The Zimmermann Telegram was a 1917 diplomatic proposal from the German Empire to Mexico to make war against the United States. The proposal was caught by the British before it could get to Mexico. The revelation angered the Americans and led in part to a U.S. declaration of war in April.


The message came as a coded telegram dispatched by the Foreign Secretary of the German Empire, Arthur Zimmermann, on January 16, 1917, to the German ambassador in Washington, D.C., Johann von Bernstorff, at the height of World War I. On January 19, Bernstorff, per Zimmermann's request, forwarded the telegram to the German ambassador in Mexico, Heinrich von Eckardt. Zimmermann sent the telegram in anticipation of the resumption of unrestricted submarine warfare by Germany on February 1, an act which German Chancellor Theobald von Bethmann-Hollweg feared would draw the neutral U.S. into war on the side of the Allies. The telegram instructed Ambassador Eckardt that if the U.S. appeared likely to enter the war, he was to approach the Mexican Government with a proposal for military alliance. He was to offer Mexico material aid in the reclamation of territory lost during the Mexican-American War (the Southeastern section of the area of the Mexican Cession of 1848) and the Gadsden Purchase, specifically the American states of Texas, New Mexico, and Arizona.
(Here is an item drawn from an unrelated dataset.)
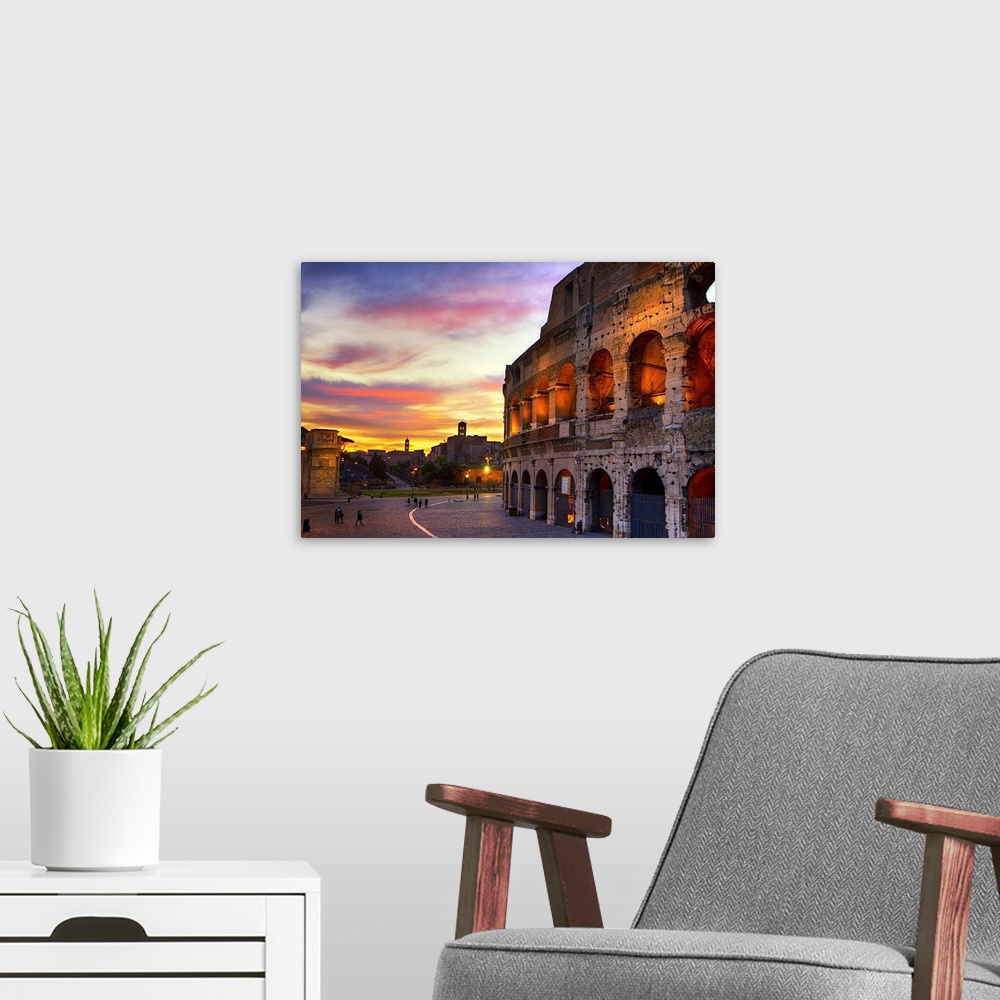 A modern room featuring Photograph of the Colosseum in Rome, Italy at sundown.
Eckardt was also instructed to urge Mexico to help broker an alliance between Germany and the Japanese Empire.

The Zimmermann Telegram was intercepted and decoded by the British cryptographers of Room 40. The revelation of its contents in the American press on March 1 caused public outrage that contributed to the U.S.'s declaration of war against Germany and its allies on April 6.